Non-negative Matrix Factorization and Probabilistic Latent Semantic Analysis

Introduction

Non-negative Matrix Factorization is frequently confused with Probabilistic Latent Semantic Analysis. These two methods are applied for document clustering and have similarities and differences. This article explains both methods in the most simple way possible.

How it was discovered

Imagine having 5 documents, 2 of them about environment and 2 of them about U.S. Congress and 1 about both, that means it says about government legislation process in protecting an environment. We need to write a program that unmistakably identifies category of each document and also returns a degree of belonging of each document to a particular category. For this elementary example we limit our vocabulary to 5 words: AIR, WATER, POLLUTION, DEMOCRAT, REPUBLICAN. Category ENVIRONMENT and category CONGRESS may contain all 5 words but with different probability. We understand that the word POLLUTION has more chances to be in the article about ENVIRONMENT than in the article about CONGRESS, but can theoretically be in both. Presume after an examination of our data we built following document-term table:

document/word air water pollution democrat republican
doc 1 3 2 8 0 0
doc 2 1 4 12 0 0
doc 3 0 0 0 10 11
doc 4 0 0 0 8 5
doc 5 1 1 1 1 1


We distinguish our categories by the group of words assigned to them. We decide that category ENVIRONMENT normally should contain only words AIR, WATER, POLLUTION and category CONGRESS should contain only words DEMOCRAT and REPUBLICAN. We build another matrix, each row of which represent category and contains counts for only words that assigned to each category. 

categories air water pollution democrat republican
ENVIRONMENT 5 7 21 0 0
CONGRESS 0 0 0 19 17


We change values from frequencies to probabilities by dividing them by sums in rows, which turns each row into probability distribution. 

Matrix  W
categories air water pollution democrat republican
ENVIRONMENT 0.15 0.21 0.64 0 0
CONGRESS 0 0 0 0.53 0.47


Now we create another matrix that contains probability distribution for categories within each document that looks like follows:

Matrix  D
documents ENVIRONMENT CONGRESS
doc 1 1.0 0.0
doc 2 1.0 0.0
doc 3 0.0 1.0
doc 4 0.0 1.0
doc 5 0.6 0.4


It shows that top two documents speak about environment, next two about congress and last document about both. Ratios 0.6 and 0.4 for the last document are defined by 3 words from environment category and 2 words from congress category. Now we multiply both matrices and compare the result with original data but in a normalized form. Normalization in this case is division of each row by the sum of all elements in rows. The comparison is shown side-by-side below:

Product of  D * W
0.15 0.21 0.64 0.0 0.0
0.15 0.21 0.64 0.0 0.0
0.0 0.0 0.0 0.53 0.47
0.0 0.0 0.0 0.53 0.47
0.09 0.13 0.38 0.21 0.19
Normalized data  N
0.23 0.15 0.62 0.0 0.0
0.06 0.24 0.70 0.0 0.0
0.0 0.0 0.0 0.48 0.52
0.0 0.0 0.0 0.61 0.39
0.2 0.2 0.2 0.2 0.2

The correlation is obvious. The the technical problem is to find constrained matrices  W and  D (given only the number of categories), product of which is the best match to original data in normalized form  N.

Likelihood functions

We obtained matrices of decomposition in the above example by combining all words into groups. Obviously, we can not do that for the case when vocabulary is over hundred thousands, number of documents is over million and number of categories is unknown but presumed as relatively large number (let say 100). The generic approach used in both NMF and PLSA is maximization of likelihood function. It is very hard to understand the meaning of likelihood function for beginner and how these likelihood functions are constructed. I can say that they are introduced by experts in probability theory and considered technical subject. Here I try to explain one of them.

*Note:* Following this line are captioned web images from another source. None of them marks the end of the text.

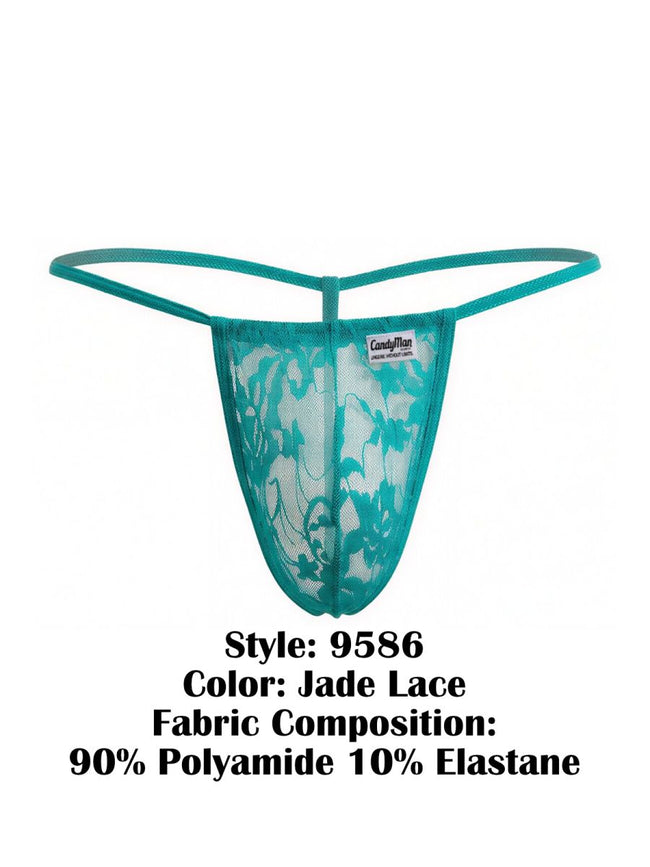 CandyMan 9586 Men's Underwear Mini G-String Color Jade Lace
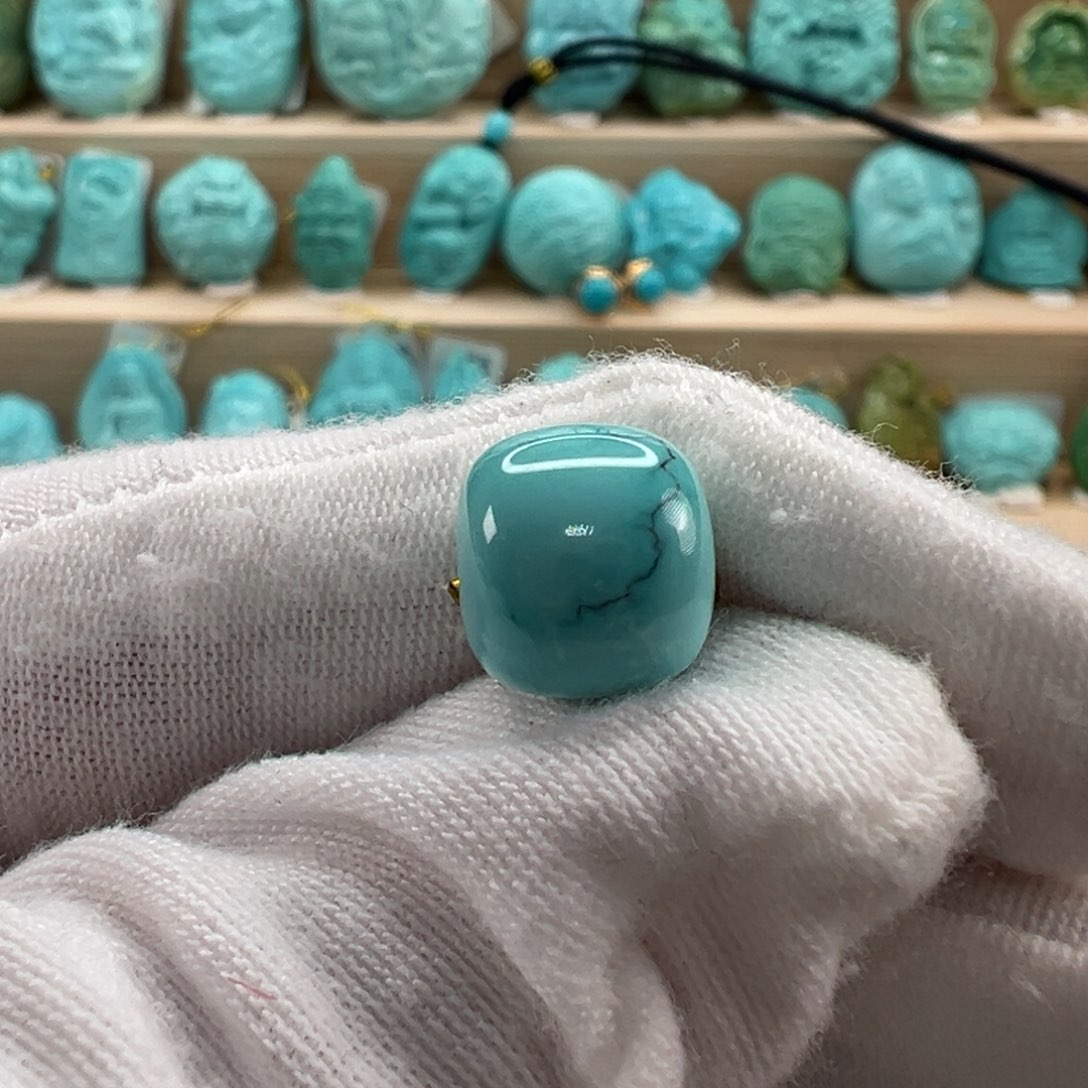 未镶嵌绿松石老型珠10.9x5.9mm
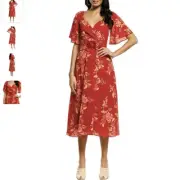Pasduchas Splendour Midi Wrap Dress in Cherry Sz 14 New With Tags RRP $289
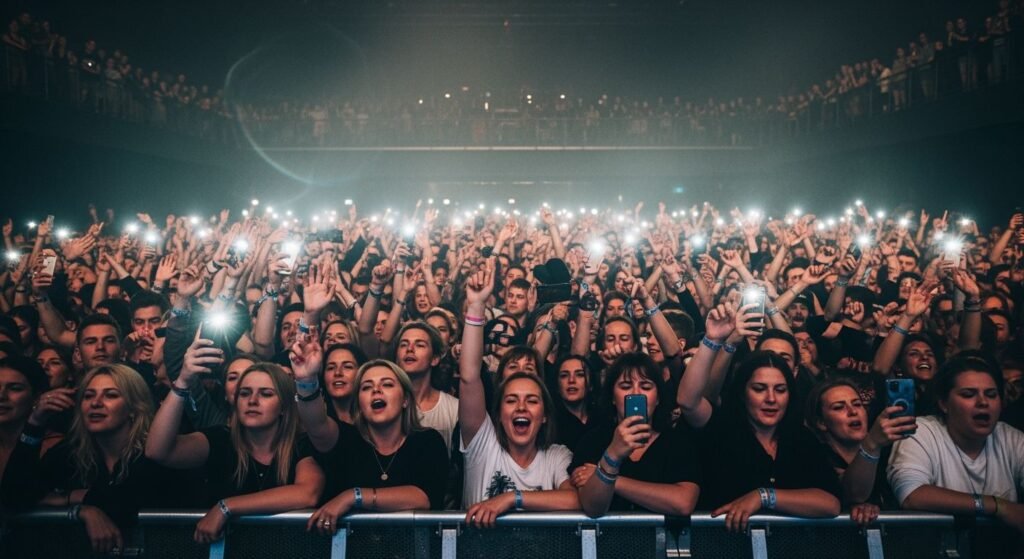 Concert crowd background from stage image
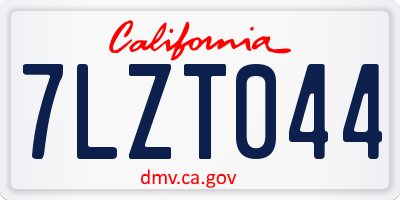 CA license plate 7LZT044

Let say we know that in document one the word AIR is met 3 times, the word WATER is met 2 times and the word POLLUTION is met 8 times. If we ask what is the probability that randomly selected word from document one is AIR, the answer is simple, it is 3/13. Same simple conclusion we can make for the word WATER, P{word = WATER} = 2/13, and for word POLLUTION, P{word = POLLUTION} = 8/13. Let us consider the function with three unknown probabilities 

L = 3 * P 1 + 2 * P 2 + 8 * P 3 

where P 1 is probability of word AIR, P 2 is probability of word WATER and P 3 is probability of word POLLUTION. Presume we do not know probabilities. Having this function and constraints P 1 + P 2 + P 3 = 1.0, we can estimate these probabilities by looking for constrained maximum of L. Lagrange method works well in this case. If we obtain P 1, P 2 and P 3 as values that maximize L, we get the above probabilities 3/13, 2/13 and 8/13. This is how it works and the above function is called likelihood. Obviously, we do not need to do that for this simple case. It was only an explanation of the matter of likelihood function. Generically, likelihood functions are used to estimate probabilities afer experiment is already conducted and frequencies of occurrence are known. Like in above example. We know the frequencies and looking for probabilities.

PLSA

Some articles present this Non-negative Matrix Factorization as Probabilistic Latent Semantic Analysis ( example), but it is not the same. The likelihood function for NMF is following:



and likelihood function for PLSA is different:



The conditional probability  P(wi | dj) for the first element in data is, for example 3/13, but joint probability  P(wi , dj) is 3/69. NMF algorithm is designed in presumption that sums of all probabilities in rows equal to 1.0, which is not true for joint probability. Maximization of likelihood function for PLSF and applying Maximization Expectation algorithm for obtaining a numerical solution lead to a set of following equations:



These formulas express everything via functions.  P(w|z) and  P(d|z) are functions of two variables. Their values similar to elements of matrices  W and  DP(z) is distribution function for categories. In matrix notation it will be diagonal matrix  Z with probabilities of each category on the principal diagonal.  P(w|z,d)is function of three variables. Numerator of E-step expression is product of single element of  W, D and  Z. Denominator of E-step is a scalar representing inner product of row and column of  D and  W times correspondent diagonal element of  Z. We can think of  P(w|z,d) as set of matrices of the first rank for each given  z. The size of each of these matrices match the size of document-term matrix. Numerators in M-step expressions are Hadamard products of source data and these matrices of the first rank. In computation of  P(z) we add all elements of this Hadamard product. In computation of  P(w|z) we add only columns and in computation of  P(d|z) we add only rows. The meaning of denominators in M-step is normalization, i.e. making sums of all elements in rows equal to 1.0 to match definition of probabilities.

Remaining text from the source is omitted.